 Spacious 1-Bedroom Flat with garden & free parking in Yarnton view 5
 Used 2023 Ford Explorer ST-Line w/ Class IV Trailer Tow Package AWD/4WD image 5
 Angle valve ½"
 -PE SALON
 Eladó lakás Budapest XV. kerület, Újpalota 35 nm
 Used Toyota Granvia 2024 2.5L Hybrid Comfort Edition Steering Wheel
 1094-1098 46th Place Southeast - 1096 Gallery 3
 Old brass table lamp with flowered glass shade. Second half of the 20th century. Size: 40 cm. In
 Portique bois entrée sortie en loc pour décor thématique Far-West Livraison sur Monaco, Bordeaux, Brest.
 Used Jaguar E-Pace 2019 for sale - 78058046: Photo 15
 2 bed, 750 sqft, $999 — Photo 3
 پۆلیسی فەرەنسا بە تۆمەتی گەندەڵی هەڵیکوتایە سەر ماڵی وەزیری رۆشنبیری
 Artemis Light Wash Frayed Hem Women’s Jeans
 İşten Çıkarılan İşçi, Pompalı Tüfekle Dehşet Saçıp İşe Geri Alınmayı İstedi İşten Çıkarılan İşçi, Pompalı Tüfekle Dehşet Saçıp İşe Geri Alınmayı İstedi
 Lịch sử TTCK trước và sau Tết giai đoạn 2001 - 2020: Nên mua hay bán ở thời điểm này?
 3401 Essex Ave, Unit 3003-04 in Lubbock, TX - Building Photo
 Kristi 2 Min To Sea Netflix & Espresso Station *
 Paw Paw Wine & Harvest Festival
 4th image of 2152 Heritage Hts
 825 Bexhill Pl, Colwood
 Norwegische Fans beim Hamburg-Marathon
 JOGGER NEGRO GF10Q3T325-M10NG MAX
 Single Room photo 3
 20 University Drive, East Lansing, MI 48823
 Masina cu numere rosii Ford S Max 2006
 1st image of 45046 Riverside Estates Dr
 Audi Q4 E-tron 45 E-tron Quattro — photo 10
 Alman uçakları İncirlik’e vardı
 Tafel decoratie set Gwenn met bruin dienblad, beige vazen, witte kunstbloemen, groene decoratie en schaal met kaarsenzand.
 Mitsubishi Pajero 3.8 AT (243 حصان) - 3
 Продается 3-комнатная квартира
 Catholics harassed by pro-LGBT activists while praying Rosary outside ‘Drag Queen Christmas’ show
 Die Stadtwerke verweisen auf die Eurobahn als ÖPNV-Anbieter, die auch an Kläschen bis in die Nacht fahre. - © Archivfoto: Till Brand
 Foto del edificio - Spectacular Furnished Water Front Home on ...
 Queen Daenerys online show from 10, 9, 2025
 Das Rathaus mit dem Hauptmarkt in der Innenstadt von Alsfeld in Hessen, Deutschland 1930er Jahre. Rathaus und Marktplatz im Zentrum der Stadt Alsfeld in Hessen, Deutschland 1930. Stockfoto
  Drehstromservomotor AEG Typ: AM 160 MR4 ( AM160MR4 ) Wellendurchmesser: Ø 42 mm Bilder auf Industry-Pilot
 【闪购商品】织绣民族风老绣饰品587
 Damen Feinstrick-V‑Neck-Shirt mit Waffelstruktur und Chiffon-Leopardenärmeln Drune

_Work request_
When a line in the records above contains the word "Ford", copy it.

_Solution to this task_
 Used 2023 Ford Explorer ST-Line w/ Class IV Trailer Tow Package AWD/4WD image 5
 Masina cu numere rosii Ford S Max 2006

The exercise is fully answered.